Whatever it costs it's still beautiful.


----------



## mindlessoath (Nov 30, 2007)

Adamantium said:


> It's not inconel, it's cast ni-resist.
> 
> Unlike most other aftermarket kits, a major benefit is that it weighs much more than stock.
> 
> ...


lots of people had tried but it wouldn't fit. are those 100% efr turbos or the modified turbos with efr guts? that would explain why they now fit or his exhaust manifold allows it to fit? I recalled an old thread where they said it was inconnel, unless that was different? anyways my bad, thanks for clearing that up.


----------



## Vernonjones (Oct 23, 2012)

mindlessoath said:


> lots of people had tried but it wouldn't fit. are those 100% efr turbos or the modified turbos with efr guts? that would explain why they now fit or his exhaust manifold allows it to fit? I recalled an old thread where they said it was inconnel, unless that was different? anyways my bad, thanks for clearing that up.


They did an Inconel version (I even held it in my hands) but apparently people didn't want to pay an Inconel price - which when I asked - Nor did I!

They are full EFR's hence the added bends onto the inlets.


----------



## mindlessoath (Nov 30, 2007)

that makes sense, thanks!


----------



## e6ext (Sep 6, 2011)

That is some engineering feet.
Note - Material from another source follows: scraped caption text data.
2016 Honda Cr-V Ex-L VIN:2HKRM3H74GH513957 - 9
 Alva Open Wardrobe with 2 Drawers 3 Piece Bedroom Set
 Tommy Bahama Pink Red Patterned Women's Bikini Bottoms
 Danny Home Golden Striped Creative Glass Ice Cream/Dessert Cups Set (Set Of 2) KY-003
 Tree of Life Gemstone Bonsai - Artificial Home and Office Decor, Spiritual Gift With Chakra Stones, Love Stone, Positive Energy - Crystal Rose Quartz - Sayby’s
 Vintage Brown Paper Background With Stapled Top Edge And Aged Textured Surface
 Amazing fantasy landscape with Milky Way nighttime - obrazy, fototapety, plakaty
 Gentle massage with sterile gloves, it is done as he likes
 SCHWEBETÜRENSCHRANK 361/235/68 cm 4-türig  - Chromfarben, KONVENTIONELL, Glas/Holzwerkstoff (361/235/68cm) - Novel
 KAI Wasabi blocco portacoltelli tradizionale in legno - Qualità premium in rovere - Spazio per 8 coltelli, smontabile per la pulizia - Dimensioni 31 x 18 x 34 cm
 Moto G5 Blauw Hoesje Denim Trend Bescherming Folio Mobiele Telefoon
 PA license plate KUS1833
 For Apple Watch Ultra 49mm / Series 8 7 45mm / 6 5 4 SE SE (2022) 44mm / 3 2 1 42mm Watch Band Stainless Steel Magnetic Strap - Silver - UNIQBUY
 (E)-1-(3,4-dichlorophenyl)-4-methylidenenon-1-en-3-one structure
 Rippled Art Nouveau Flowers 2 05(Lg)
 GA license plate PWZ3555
Someone has way to much time on their hands.


----------



## Turbotwo (Jan 28, 2011)

e6ext said:


> That is some engineering feet. Someone has way to much time on their hands.


You think?..


----------



## Adamantium (Jun 24, 2002)

Pains me to see this. I kept trying but still never got to fit one of these. Fitting the EFR turbo was only half the experience, it's one of the big factors that pulls me back to GTR ownership each time. It's on the bucket list of things I need to own rather than do.

I suppose I could buy a display set for my living room. The wife would love that.


----------



## G2GUV (Dec 16, 2012)

Adamantium said:


> Pains me to see this. I kept trying but still never got to fit one of these. Fitting the EFR turbo was only half the experience, it's one of the big factors that pulls me back to GTR ownership each time. It's on the bucket list of things I need to own rather than do.
> 
> I suppose I could buy a display set for my living room. The wife would love that.


Seriously an awesome bit of kit. I smile every single time my car is upto to temperature and Syvecs gives me full boost! 

(on private roads and track of course) :chuckle:


----------



## twobadmice (Jul 2, 2013)

Adam I'm quite happy to lend you my car for a few months and you can add as many of these kind of mods as you like esp the full on Gearbox upgrade and then instead of you having all the hassle of selling it etc you can just give it back to me.


----------



## Adamantium (Jun 24, 2002)

Sounds like a plan. I need to sell some investments first but when the pound hits two dollars again, we'll talk.


----------



## twobadmice (Jul 2, 2013)

Adam the dollar is currently 9.66 to a £. So I am ready when you are! ;P


----------



## Adamantium (Jun 24, 2002)

The U.S. dollar?


----------



## gtr mart (Mar 29, 2004)

Ugandan. But you didn't specify :chuckle:


----------



## Adamantium (Jun 24, 2002)

If we are being picky, I said when it hits two to the pound, eight to the pound is some way off that.


----------



## twobadmice (Jul 2, 2013)

Hong Kong $ who cares about the US$?


----------



## Anders_R35 (Jul 20, 2011)

I've had this turbo kit for just over a year, worth every penny. Still not bored with 850bhp


----------